On the number of generalized Sidon sets

A set $A$ of nonnegative integers is called a Sidon set if there is no Sidon 4-tuple, i.e., $(a,b,c,d)$ in $A$ with $a+b=c+d$ and $\{a, b\}\cap \{c, d\}=\emptyset$. Cameron and Erd\H os proposed the problem of determining the number of Sidon sets in $[n]$. Results of Kohayakawa, Lee, R\" odl and Samotij, and Saxton and Thomason has established that the number of Sidon sets is between $2^{(1.16+o(1))\sqrt{n}}$ and $2^{(6.442+o(1))\sqrt{n}}$. An $\alpha$-generalized Sidon set in $[n]$ is a set with at most $\alpha$ Sidon 4-tuples.
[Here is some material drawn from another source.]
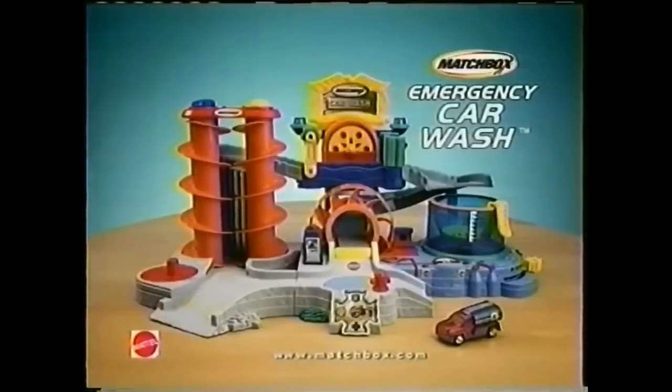You're ready to roll with Macbox to the rescue! Macbox Emergency Car Wash playset comes with one car. Adult assembly required. Bubble solution and batteries not included. Macbox Emergency Car Wash.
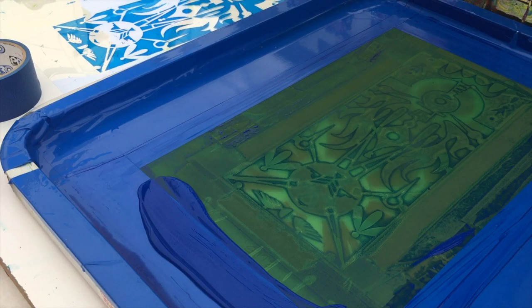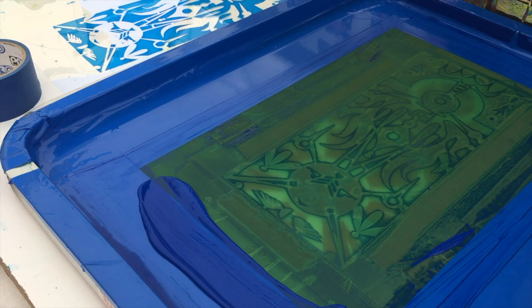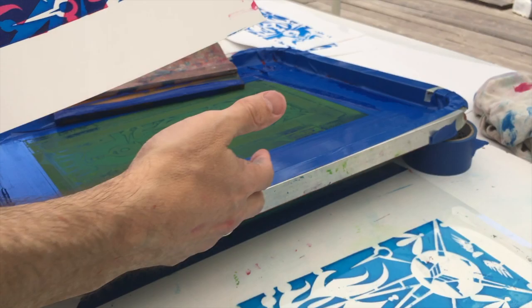I'll show you step by step how to create stencils, mix inks, and pull one-of-a-kind handmade prints made of delicious pigment on paper. You can register for the class for free through Kindling. When you register for the event, I'll be sending you your shopping list and a demo video so you can cut your stencils and get your ink mixed beforehand.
One way to extend the problem of Cameron and Erd\H os is to estimate the number of $\alpha$-generalized Sidon sets in $[n]$. We show that the number of $(n/\log^4 n)$-generalized Sidon sets in $[n]$ with additional restrictions is $2^{\Theta(\sqrt{n})}$. In particular, the number of $(n/\log^5 n)$-generalized Sidon sets in $[n]$ is $2^{\Theta(\sqrt{n})}$. Our approach is based on some variants of the graph container method.